Fashola made this known in an interactive session with journalists in Abuja at the weekend at the end of Day One of the Federal Ministry of Power Works and Housing’s Retreat, arrangements for the deployment of an enduring solution on Wharf Road were near closure
Fashola explained that a couple of private companies had offered to work with Government in terms of fixing Wharf Road, said the design and other requirements for the road were ready, adding what was left now was to sign a formal Memorandum of Understanding before proceeding to the Federal Executive Council for approval.
He said: “I just want to appeal to residents of Apapa, to people whose livelihood depends on Apapa, that Apapa is one of the priority roads under our priority of Works to solve roads that lead to critical ports. We also have Calabar on our radar. But one by one there would be an enduring solution. We’ve done the design, we’ve done everything for Apapa, it’s ready. It’s going to be a concrete road, I believe, that will last another 30 years. So we are close to starting work.”
The Minister, who was certain that work would start in a couple of weeks, pointed out that irrespective of the fact that the fund of the companies, offering to support the project, was private money, there had to be some transparency on how to procure it, adding that those procurement guidelines were being followed because “in government, if you receive a gift, it must have a value and you must declare that value.

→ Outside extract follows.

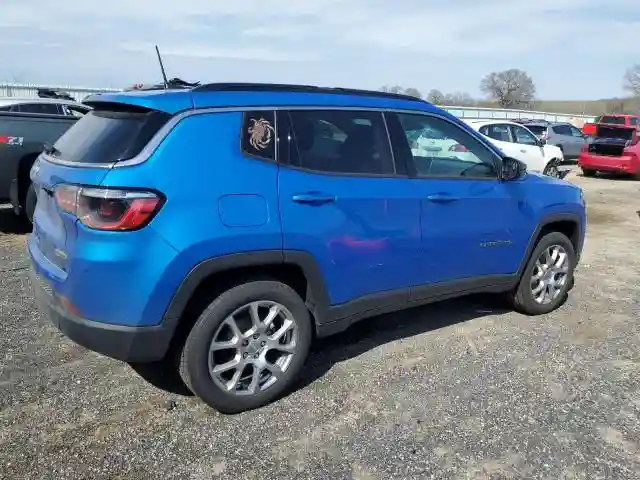 3C4NJDFB8NT177683 2022 JEEP COMPASS-2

“So we needed to get certification of all these prices before we get approval from the Federal Executive Council to allow this to happen, that is the only delay. But we are very close; we have held two meetings in the last 10 days with the companies. We have agreed Heads of Agreement. What is left now is to sign a formal Memorandum of Understanding before which we can then proceed to Council.”
Fashola also explained that government wanted to be clear whether what the companies were offering was simply Corporate Social Responsibility or they wanted a tax refund for what they were offering, adding that the challenge of inadequate budgetary allocation had affected the roads over the years.

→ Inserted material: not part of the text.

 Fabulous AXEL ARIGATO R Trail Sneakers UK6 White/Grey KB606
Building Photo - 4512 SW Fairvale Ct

He said: “Year on year, you will see that the provisions for the budget funding of Apapa and the Tin Can Island and Mile 2 – Oworonsoki Roads, all of which evacuate the Port have not been sufficient really to deal with the cost.”
Appealing to residents and other users of the road to exercise a little more patience, Fashola explained further: “The cost that we are getting from the contractor there is in the region of about N100 billion and above and the annual budgetary appropriation that is approved for us is about N7 billion. And then there are debts that we met.”
The Minister also noted that the problem of the Apapa area has been compounded by the excess tonnage on the access routes due to the absence of a rail link, which used to take the tonnage off the roads.
Fashola said this is also being looked at, adding: “Apapa has many problems one of which is the excess tonnage. There used to be a rail link there to evacuate the Port. From the time we stopped using the rail link and went on to the road, we started degrading the quality of the road. There is only so much tonnage that you can put onto a road.”
On the purpose of the Retreat for Directors, Heads of Departments and Agencies, which focussed on: “Teamwork for Optimal Productivity,” the Minister said it was for team building for service delivery, adding: “A good team where members know their strength and weaknesses, know their strong points and their common purpose is likely to deliver more results in quicker time and more effectively.”